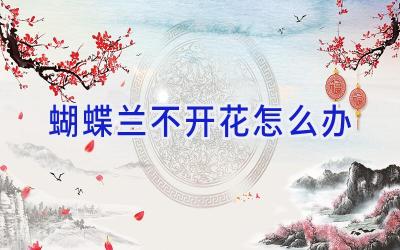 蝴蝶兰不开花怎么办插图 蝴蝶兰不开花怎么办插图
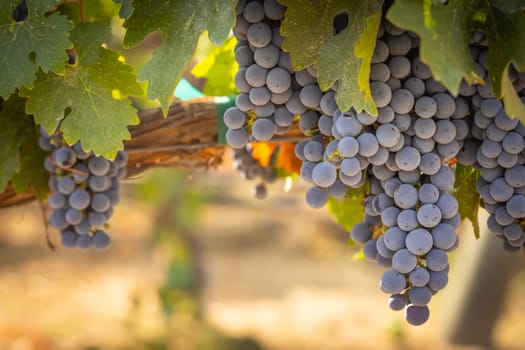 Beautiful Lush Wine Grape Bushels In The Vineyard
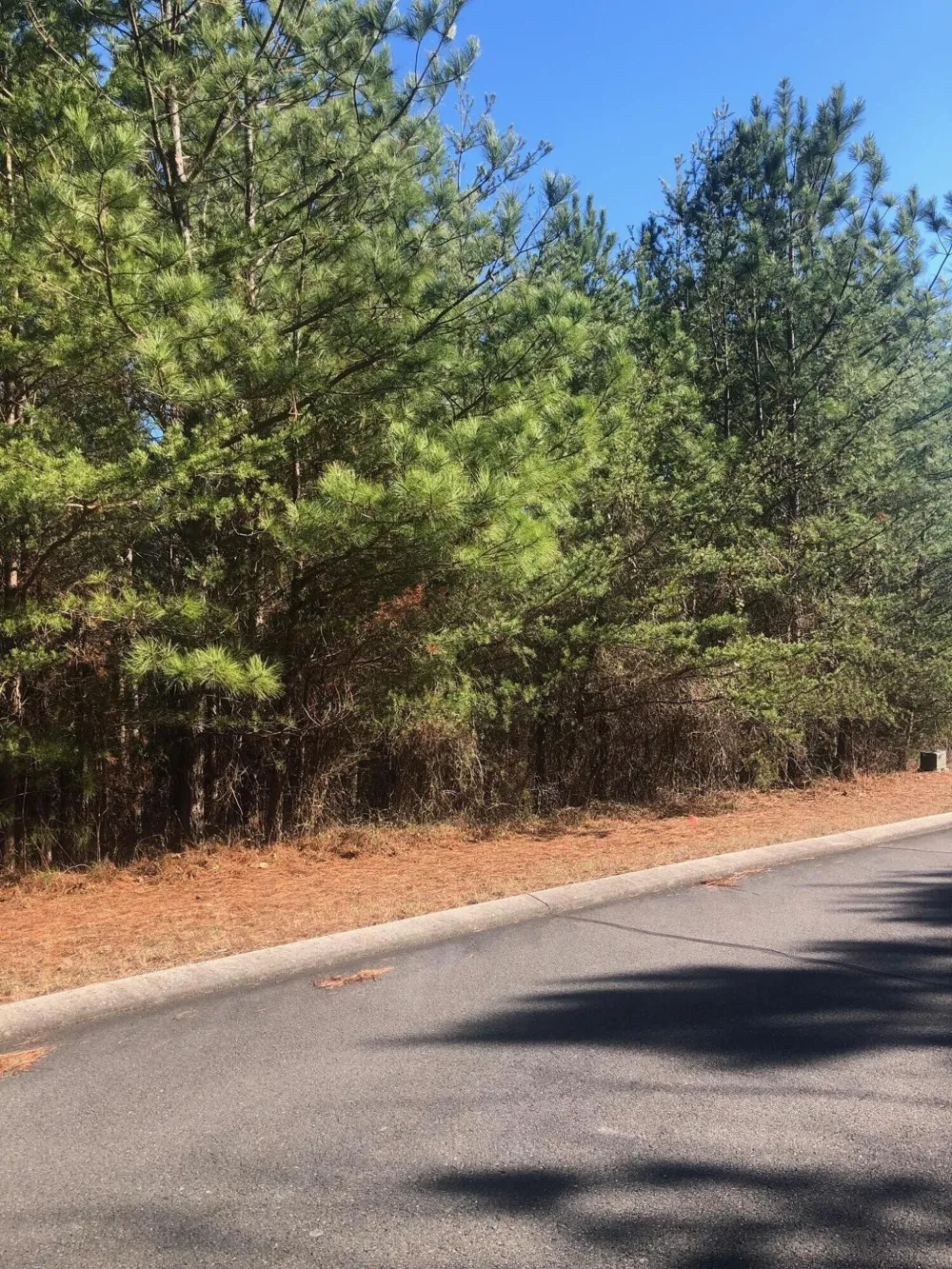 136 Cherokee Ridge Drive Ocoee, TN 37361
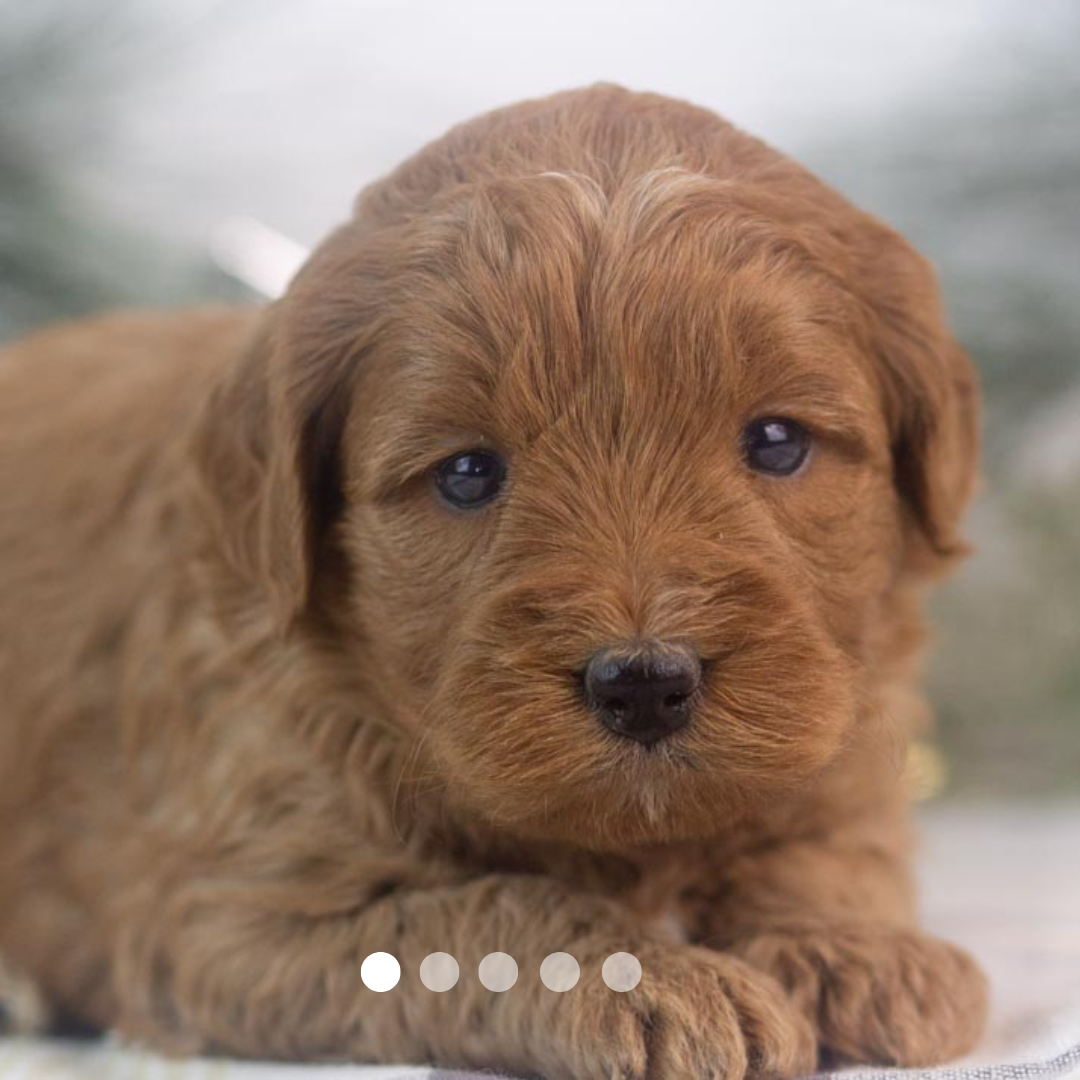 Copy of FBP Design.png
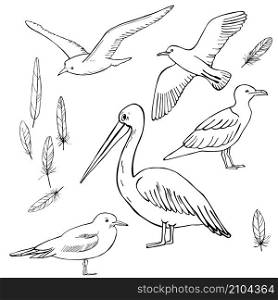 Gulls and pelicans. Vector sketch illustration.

■ ■ ■

● **Your objective**:
What is needed is an exact repeat of the lines from the one containing "136 Cherokee Ridge Drive Ocoee, TN 37361" through the last line of the records above, both included, with pictures left out.

● **The answer**:
 136 Cherokee Ridge Drive Ocoee, TN 37361
 Copy of FBP Design.png
 Gulls and pelicans. Vector sketch illustration.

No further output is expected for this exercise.